American open source software company

Red Hat, LLC (formerly Red Hat Software, Inc. and then Red Hat, Inc.) is an American software company that provides open source software products to enterprises and is a subsidiary of IBM. Founded in 1993, Red Hat has its corporate headquarters in Raleigh, North Carolina, with other offices worldwide.
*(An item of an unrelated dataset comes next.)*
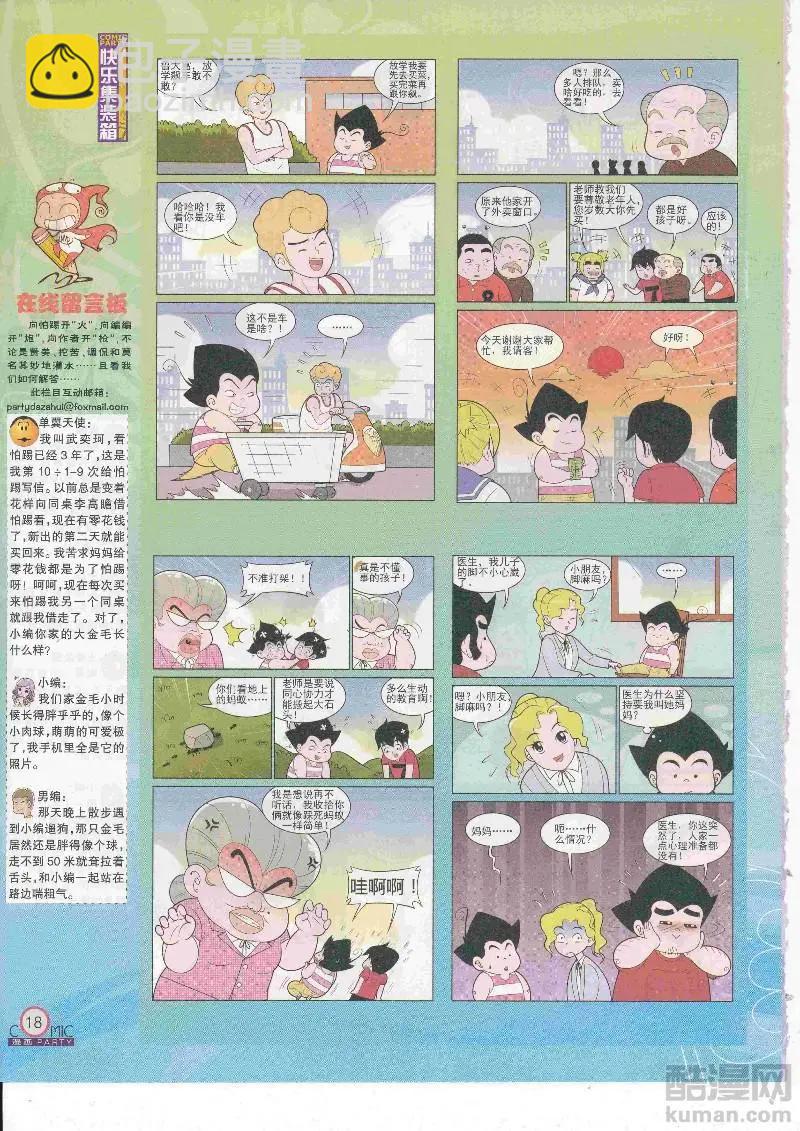 🍟漫画派对 第268期全本 第20页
Red Hat has become associated to a large extent with its enterprise operating system Red Hat Enterprise Linux (RHEL). Having grown significantly beyond just Linux, it also includes the OpenShift Container Platform, Ansible Automation Platform, and Red Hat AI.

Red Hat had acquired the open-source enterprise middleware vendor JBoss. Red Hat now offers OpenShift Virtualization, which replaces the long retired product Red Hat Virtualization (RHV), an enterprise virtualization product. Red Hat provides operating system platforms, middleware, applications, management products, support, training, and consulting services.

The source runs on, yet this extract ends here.